Aim of the task
Include the line containing "Now let's focus" and every line after it up to the end of the material below; reproduce them exactly and drop the pictures.

━━ Given data

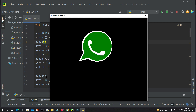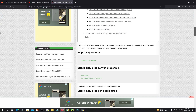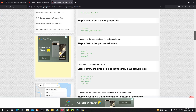So here is the output. To get the code, you just need to go to the description and click on the link. Once you click the link, you will be redirected to this website called copyassignment.com. Just go below.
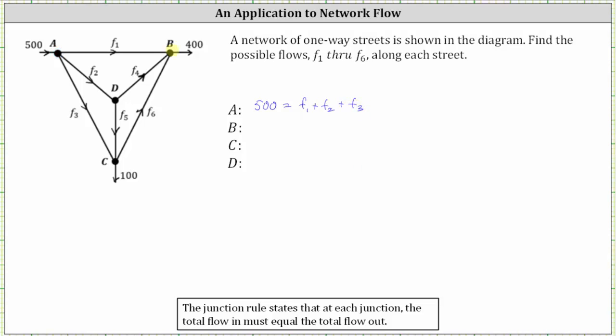Now let's focus on intersection B. Notice how there are three flow rates in: F sub one, F sub four, and F sub six. And the flow rate out is 400 cars per hour. The corresponding equation is F sub one plus F sub four plus F sub six equals 400.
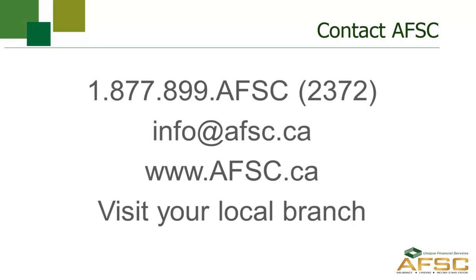That concludes the demonstration on completing your annual crop harvested production report in AFSC Connect. We hope you found this video informative. You can contact AFSC through our website, by telephone, live chat, email, or by visiting any one of our branch office locations.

━━━━

Final answer
Now let's focus on intersection B. Notice how there are three flow rates in: F sub one, F sub four, and F sub six. And the flow rate out is 400 cars per hour. The corresponding equation is F sub one plus F sub four plus F sub six equals 400.
That concludes the demonstration on completing your annual crop harvested production report in AFSC Connect. We hope you found this video informative. You can contact AFSC through our website, by telephone, live chat, email, or by visiting any one of our branch office locations.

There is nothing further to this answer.